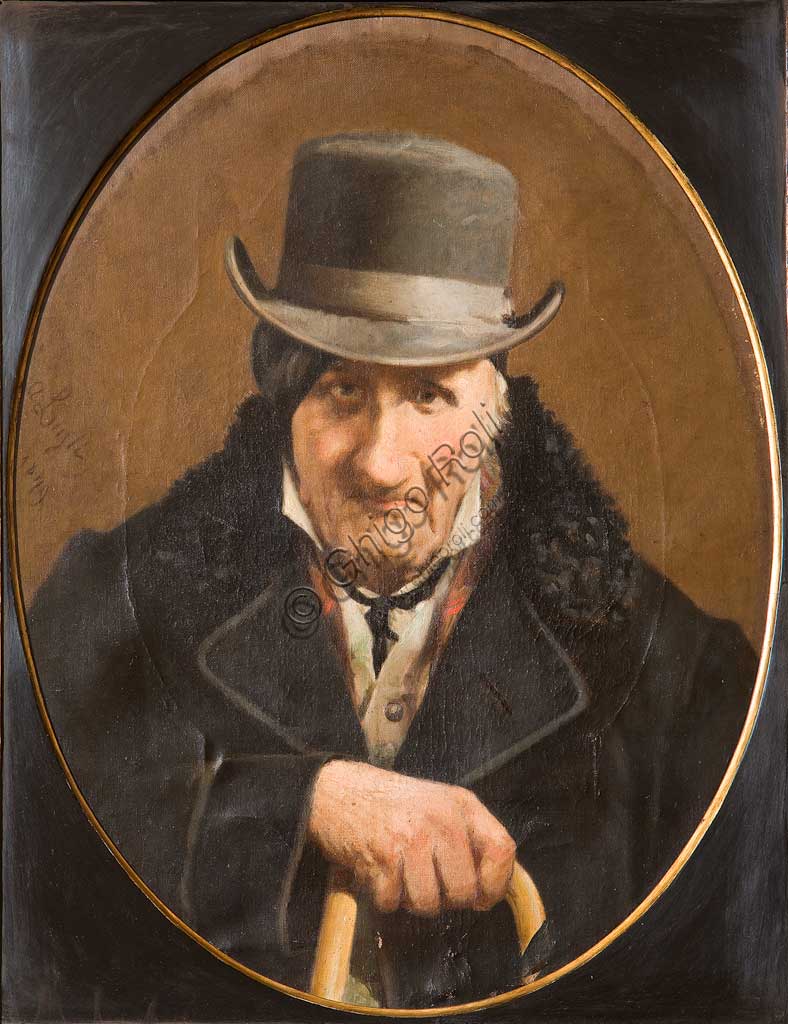 Collezione Assicoop - Unipol: Luigi Albano (1834-1914), "Ritratto di uomo". Olio su tela - ovale, cm. 64,5x51,5.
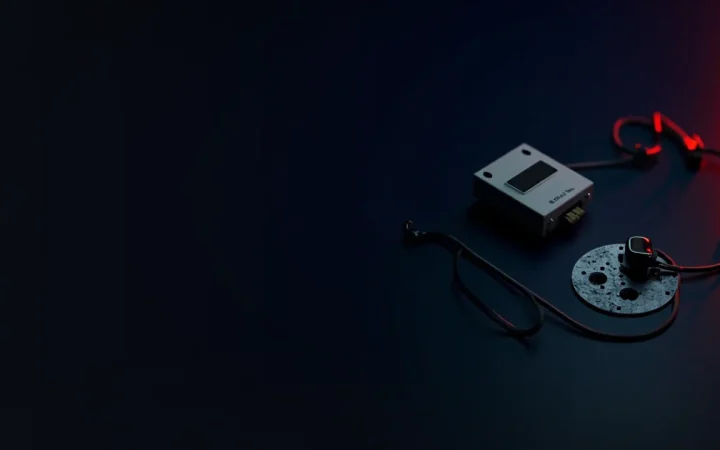 Et skrivebord i mørk navy med en hardware wallet med blank skærm, en stålplade, en hængelås og et skjold oplyst af røde accenter, venstre side tom.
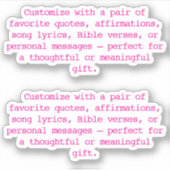 Create Your Own Pair of Custom Quote Verse HotP XS シール (正面)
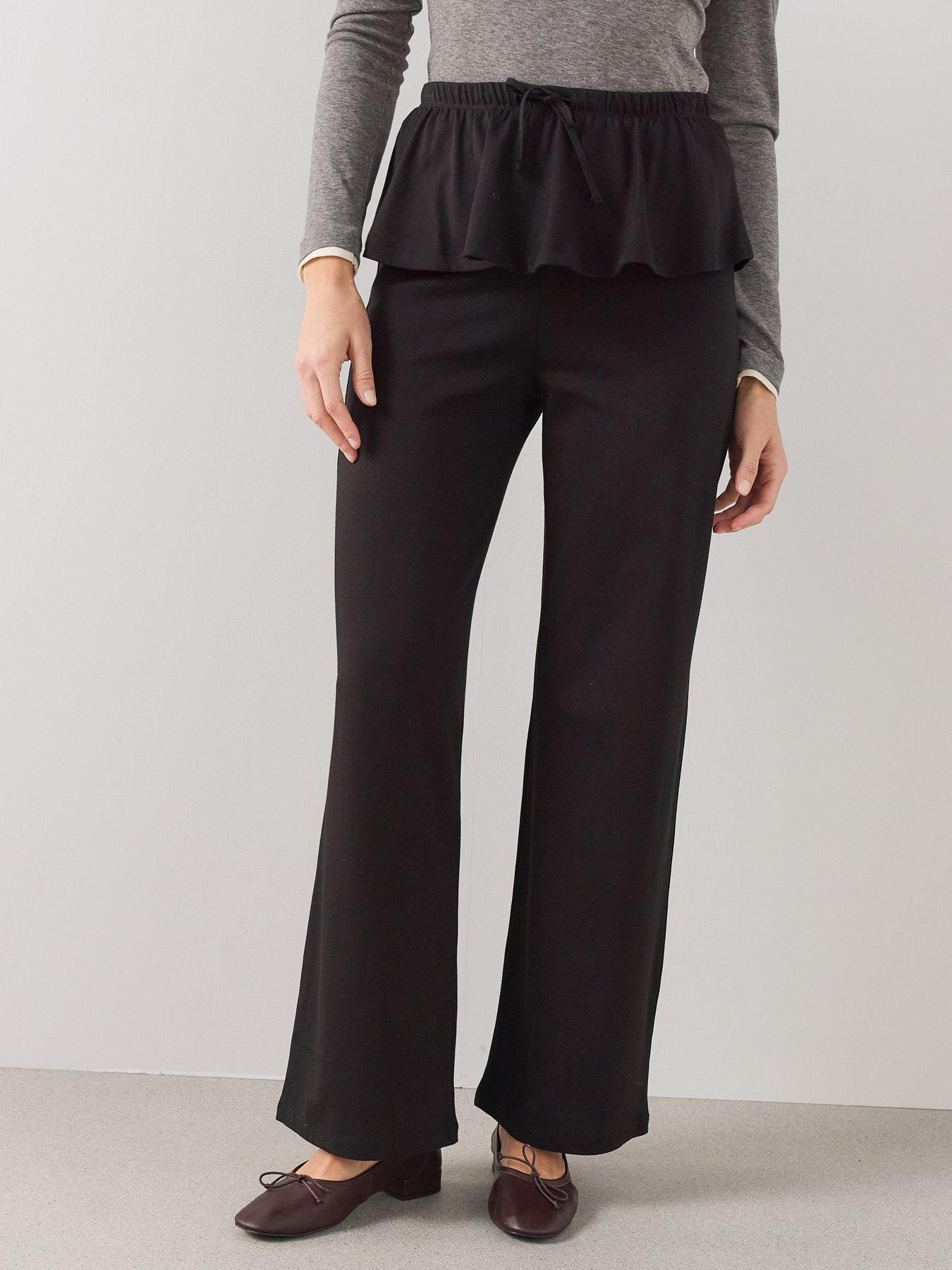 Image 4 of 5 of The Very Collection Frill Wide Leg Trouser&nbsp;- Black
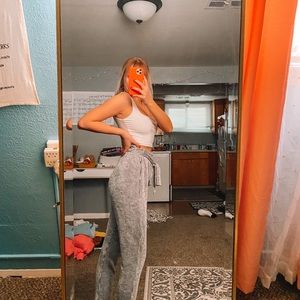 Striped paper bag pants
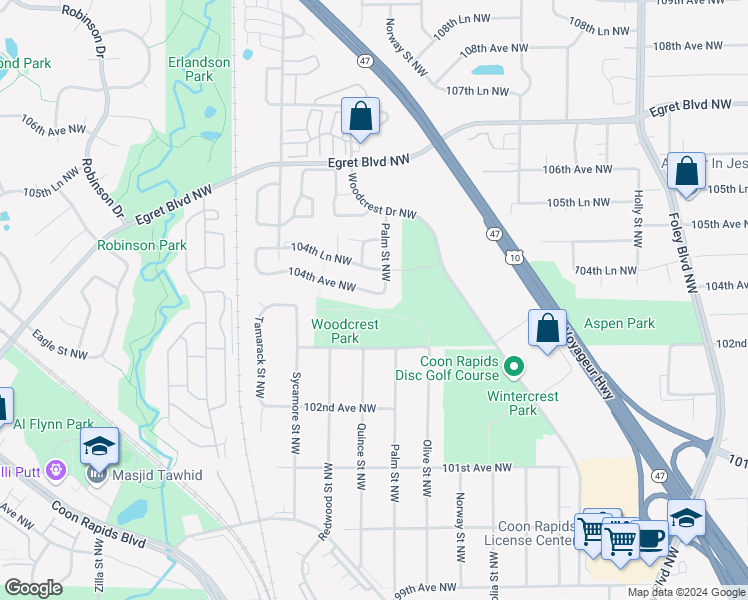 map of restaurants, bars, coffee shops, grocery stores, and more near 825 104th Avenue Northwest in Coon Rapids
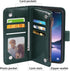 Asuwish Wallet Case for Samsung Galaxy S8 Active - Dark Green, with Tempered Glass Protector & Flower Flip Card Holder.
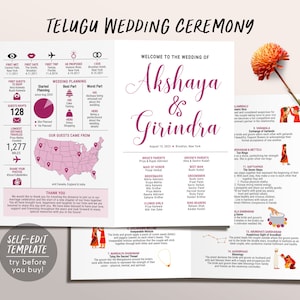 Telugu Ceremony Program Template, Editable Indian Wedding Ceremony Guide, South Indian, Hindu Infographic, Folded Modern Wedding Program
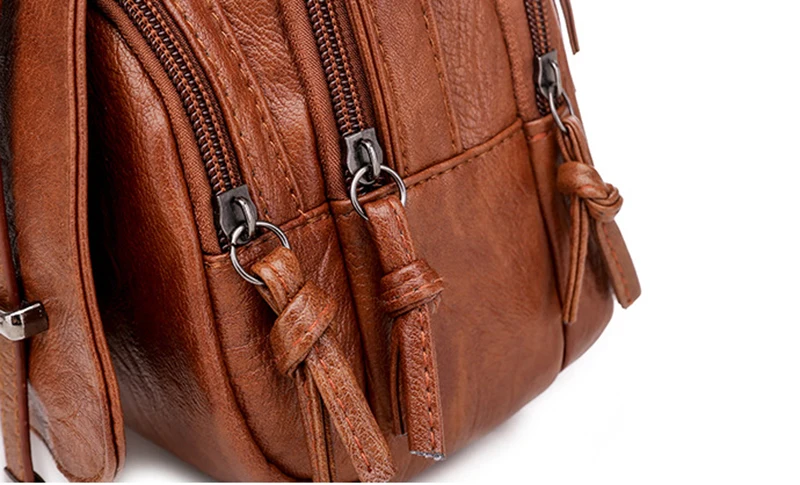 Multifunktionale Weiche PU Leder Kleine Schulter Tasche Für Frauen Vintage Mode Umhängetasche Weibliche Geldbörse Handy Handtasche – Detail 22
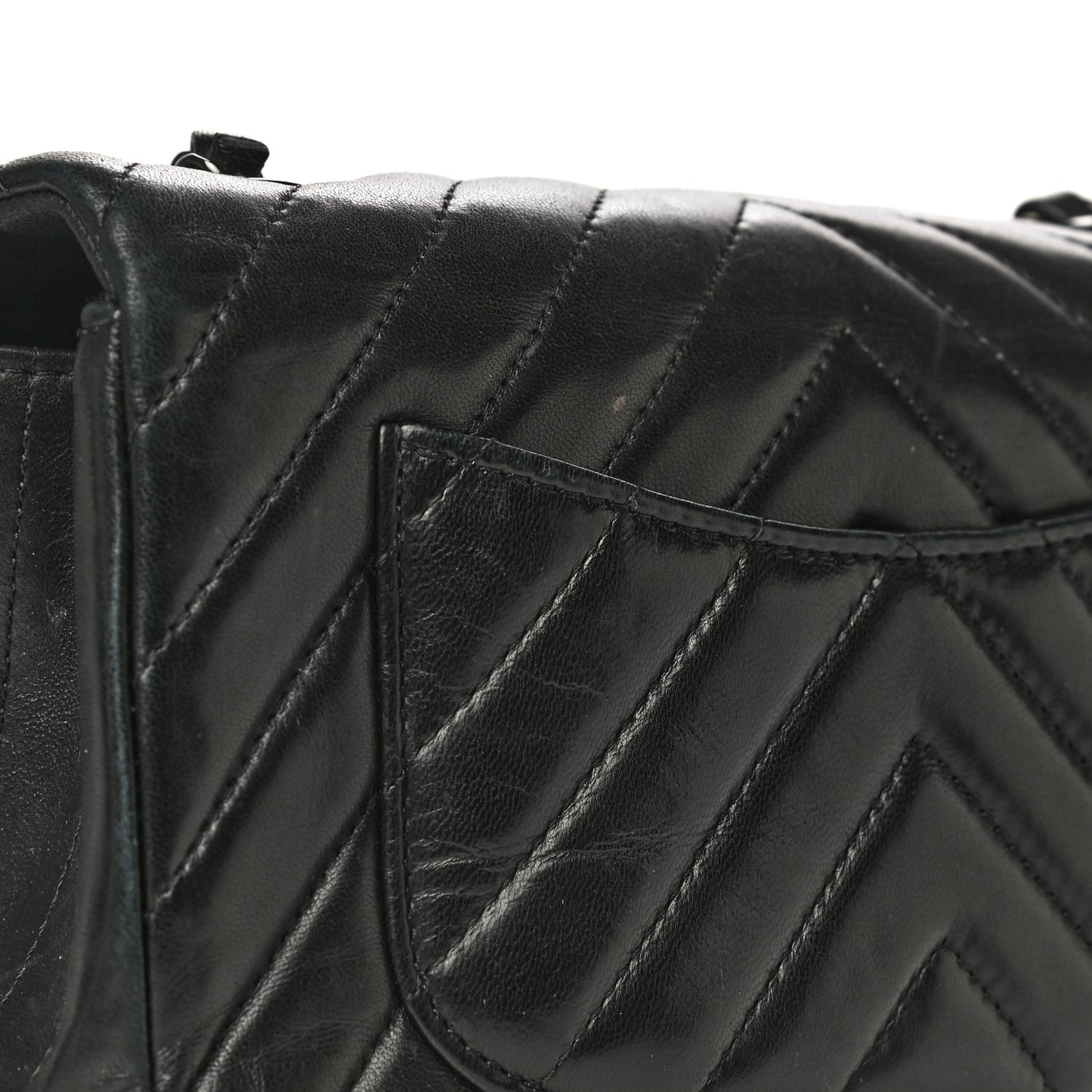 Lambskin Chevron Quilted Mini Rectangular Flap So Black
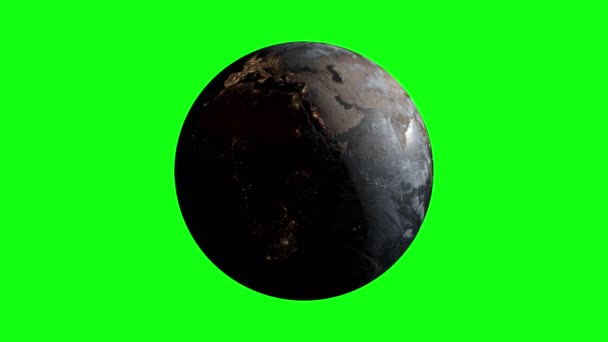 地球3Dループ地球3Dループ緑の画面3Dループ地球回転地球回転緑の画面回転地球昼夜緑の画面世界地球惑星地球緑の画面惑星昼夜 - 映像、動画
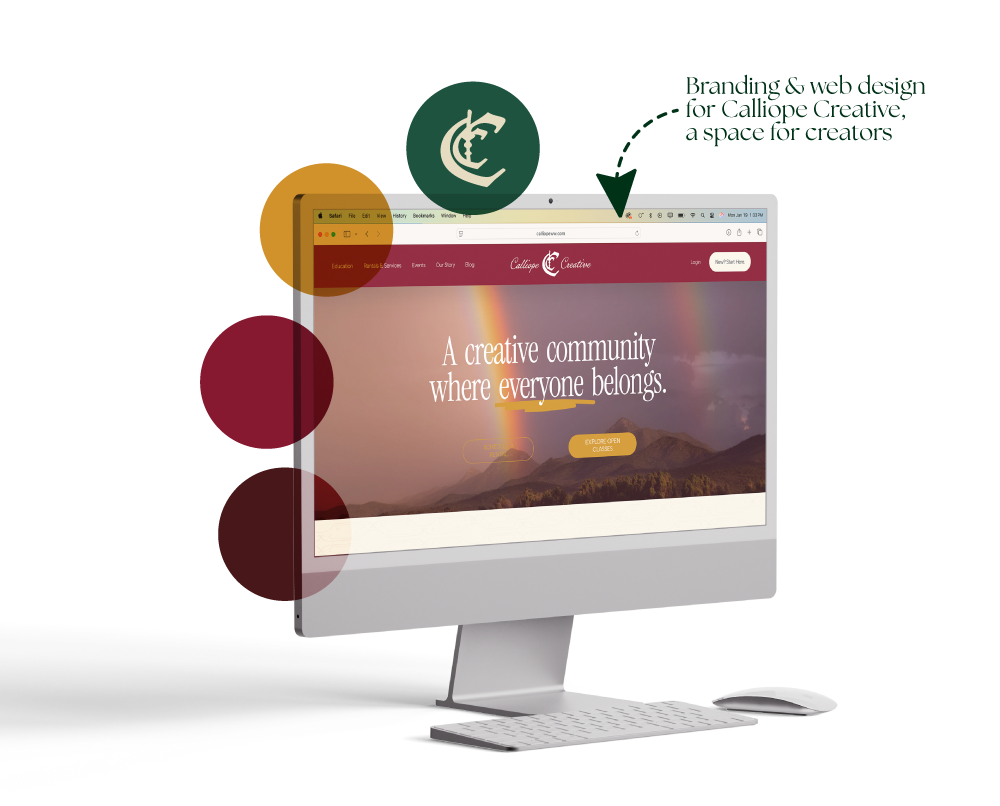 A desktop computer displaying a website with the text "A creative community where everyone belongs" and rainbow imagery in the background.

**Problem to solve**
Every line from the start of the listing above through the line with "Et skrivebord i" should be repeated exactly; skip the pictures and add nothing else.

**Finished exercise**
 Collezione Assicoop - Unipol: Luigi Albano (1834-1914), "Ritratto di uomo". Olio su tela - ovale, cm. 64,5x51,5.
 Et skrivebord i mørk navy med en hardware wallet med blank skærm, en stålplade, en hængelås og et skjold oplyst af røde accenter, venstre side tom.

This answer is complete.